Estados Unidos, el proveedor más importante de armas de Israel, no le va a detener sus embarques, pero como ya lo demostró hace unos meses, puede poner obstáculos y procesos burocráticos que reduzcan la velocidad con la que estos embarques lleguen, disminuyendo la capacidad de maniobra de Israel en momentos cruciales.
Otro ejemplo: Si fracasan las negociaciones entre Washington e Irán, ello terminará probablemente por radicalizar la postura de los actores más duros en Teherán, generando presiones para seguir progresando hacia la militarización de su programa nuclear hasta quizás armar su bomba atómica. De acuerdo con la mayor parte de análisis internacionales en materia militar, Israel no cuenta, aunque quisiera, con la capacidad de atacar y neutralizar por sí solo - sin la ayuda de Estados Unidos - esa amenaza; y ello sin considerar el daño que recibiría si decidiese atacar. Profundizar la distancia entre Washington y Jerusalén no parece ser la mejor alternativa ante estos riesgos.

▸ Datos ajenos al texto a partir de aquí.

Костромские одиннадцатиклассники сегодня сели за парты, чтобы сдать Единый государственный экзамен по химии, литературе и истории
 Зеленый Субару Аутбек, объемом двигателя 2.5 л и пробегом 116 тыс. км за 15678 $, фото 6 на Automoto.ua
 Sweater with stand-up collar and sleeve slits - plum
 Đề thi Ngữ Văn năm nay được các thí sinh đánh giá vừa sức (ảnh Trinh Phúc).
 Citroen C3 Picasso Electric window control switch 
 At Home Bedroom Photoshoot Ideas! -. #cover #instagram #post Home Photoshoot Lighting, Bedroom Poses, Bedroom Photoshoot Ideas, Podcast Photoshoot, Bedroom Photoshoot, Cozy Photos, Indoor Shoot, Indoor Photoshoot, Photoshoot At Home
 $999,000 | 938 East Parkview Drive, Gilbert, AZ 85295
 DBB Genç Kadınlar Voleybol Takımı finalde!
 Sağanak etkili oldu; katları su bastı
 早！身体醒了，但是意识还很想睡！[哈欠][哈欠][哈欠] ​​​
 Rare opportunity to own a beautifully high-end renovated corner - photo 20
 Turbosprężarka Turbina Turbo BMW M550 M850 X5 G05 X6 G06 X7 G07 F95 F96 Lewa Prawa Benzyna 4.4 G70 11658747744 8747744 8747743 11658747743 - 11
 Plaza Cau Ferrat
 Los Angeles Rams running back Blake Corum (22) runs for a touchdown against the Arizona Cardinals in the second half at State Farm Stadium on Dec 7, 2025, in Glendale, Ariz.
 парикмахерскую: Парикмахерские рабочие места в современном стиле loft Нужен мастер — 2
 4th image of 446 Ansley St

Desde otra perspectiva, la deteriorada relación entre ambos países tampoco opera en favor de los intereses de Washington. La política internacional de repliegue, y de intervenciones priorizadas y limitadas que ha sido implementada por Obama requiere de fuertes lazos - no de pleitos - con actores locales y aliados estratégicos como Israel.
El mundo de hoy está presentando conflictos de índole muy diversa, desde cuestiones muy tradicionales que recuerdan a la Guerra Fría - Putin, por ejemplo, ha venido coqueteando muy de cerca con Egipto, otro aliado estratégico de Estados Unidos que se ha distanciado de Washington - hasta amenazas de naturaleza muy diferente como la que representa el EI. Ante la emergencia de ese tipo de nuevos conflictos y riesgos, el deterioro en las relaciones de la Casa Blanca con Israel, o el estancamiento y prolongación de los viejos conflictos como el palestino-israelí, no terminan ayudando a los intereses de largo plazo de Washington.
Como podemos observar, ambos países necesitarían estar pensando en cómo distender sus relaciones y empezar a hablar de otras cosas, si es que pretenden favorecer sus futuros intereses.
Desafortunadamente lo que veremos en los próximos días será una serie de pasos justamente en sentido inverso.